Long before JK Rowling was writing children’s fantasy, and schools of magic, there was the wonderful and prolific Diana Wynne Jones. Her first book, “Wilkins’ Tooth”, was published in 1973, and she also wrote magic at boarding school (the fabulously funny and complex “Witch Week”, published in 1982) although a lot of her magical education takes place in stately homes.
But earlier still was the wizarding education of “A Wizard of Earthsea”, published in 1968, one of the earliest works of Ursula Le Guin.
I’m not really qualified to write about Le Guin. I did read “A Wizard of Earthsea”, but to be honest I think I was too young to appreciate it. Of her adult novels, I’ve only read “The Dispossessed”, “The Lathe of Heaven”, and a few short stories.
It doesn’t qualify me to pontificate. But it does qualify me to recommend.
“The Lathe of Heaven”(1971) is about the power to change reality retrospectively by dreaming, and hence also about the arrogance of the human race. And the value of diversity. There are aliens, but not as we normally know them.
“The Dispossessed” (1974) with its intriguing but never confusing circular structure, is about whether and how a non-property-owning and authoritarian society might work. Which sounds boring. It’s not.
(I’m always interested in fictional naming rules.

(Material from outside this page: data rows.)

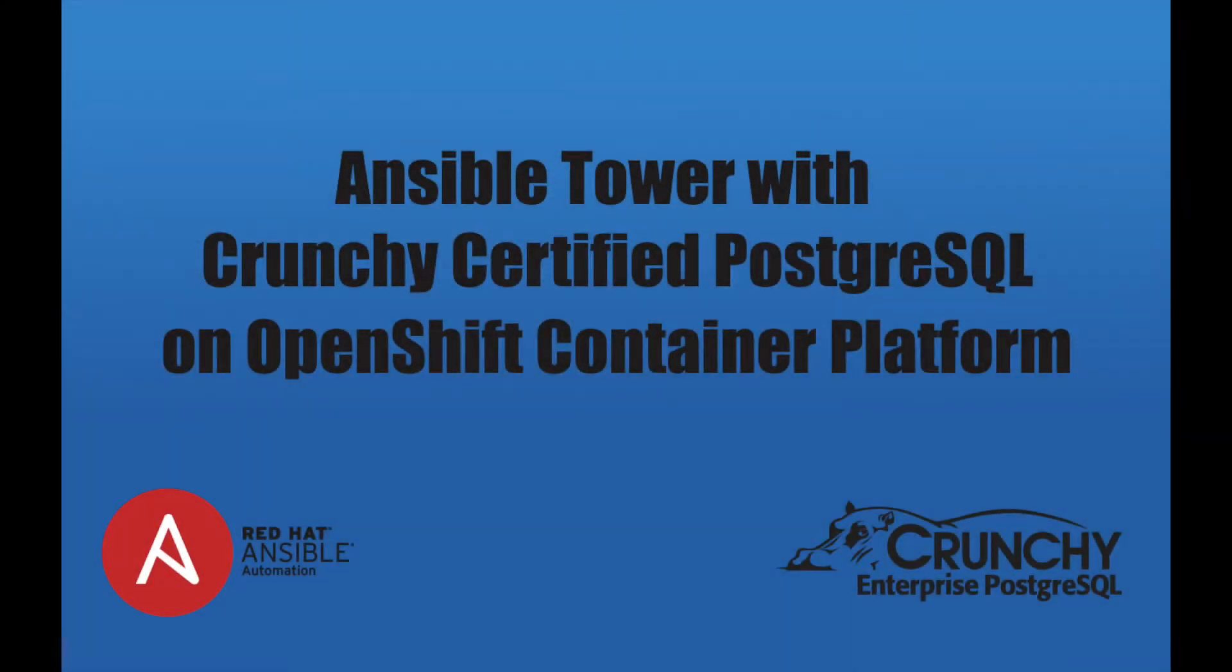Hi, this is Jason O'Donnell here at Crunchy Data, and today we'll be installing Ansible Tower using Crunchy-certified Postgres deployed by the Postgres operator.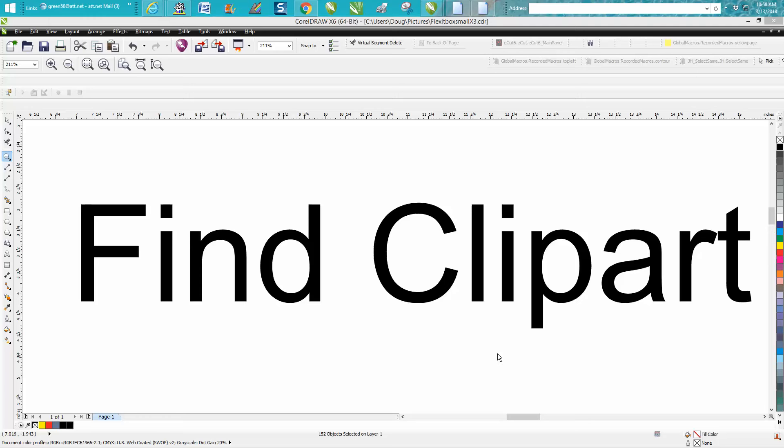Hi, it's me again with CorelDraw Tips and Tricks, and this is maybe a better way to find clipart. A viewer or subscriber sent me this little tidbit.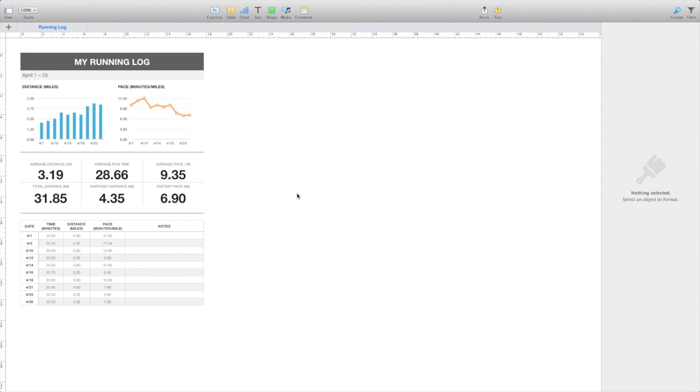Hi everyone. Today we're going to have a look at Apple Numbers 2013 and try and find the missing print layout view.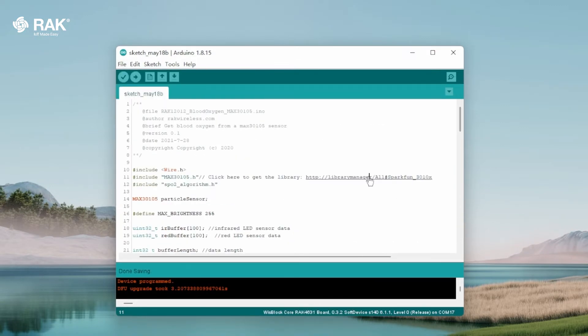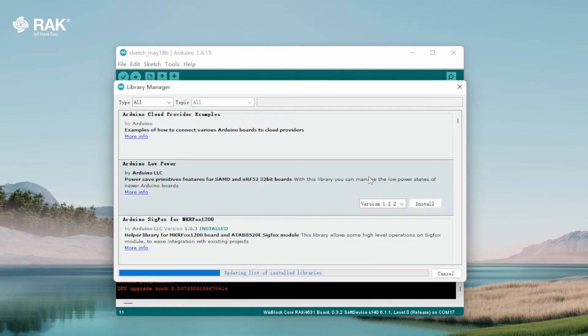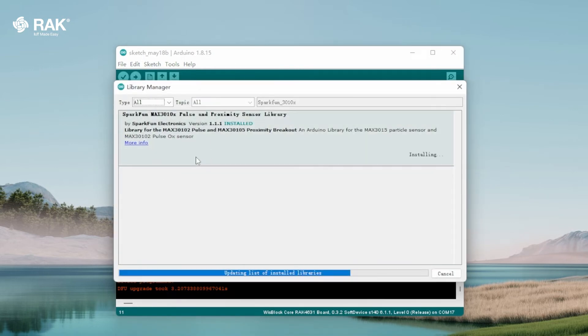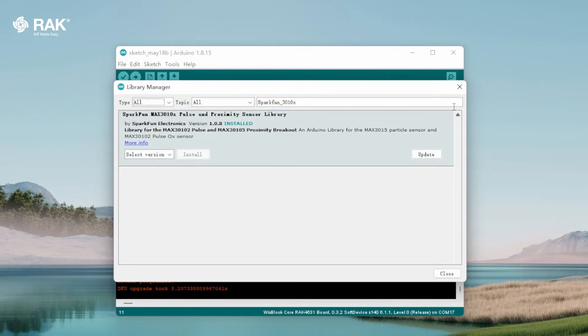Go to library manager and install sparkfun max3010x pulse and proximity sensor library.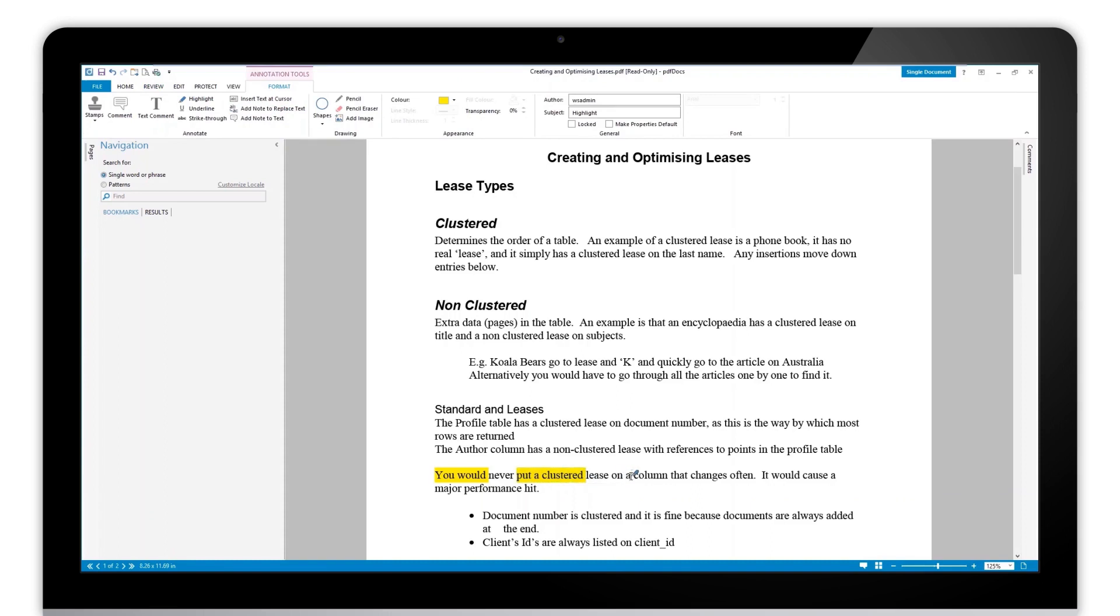So if I now want to continue marking something up, I can simply carry on clicking and dragging. And because I used that right-click, the tool will stay selected as long as I need to.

The fairly small anarchist society of Anarres has one of the oddest: a name is allocated to each child by a computer programme that randomly puts together 5 or 6 letter combinations and then eliminates the unsayable and the ones already in use by a living person. Hence Bedap, Shevek, Sadiq. In Sadiq’s case, her mother (on Anarres one would say “the mother”, as possessive words were rarely used) disliked “the name that the child had got”.)
Both these books remain in the memory, and for the best of reasons.
I’m not generally a lover of the short story format. But “The Author of the Acacia Seeds”, in which future humans manage to transcribe and translate written records of the animal kingdom, is the most poignant tale of lonely rebellion that I know. (The story is in a collection called “The Compass Rose”, 1982.)
All her work is beautifully written.
Occasionally of recent years, Le Guin has written clear and thoughtful and unpretentious SF reviews for the Guardian, which I always thought was rather a coup for the paper.
“The Left Hand of Darkness” is on my To Read list.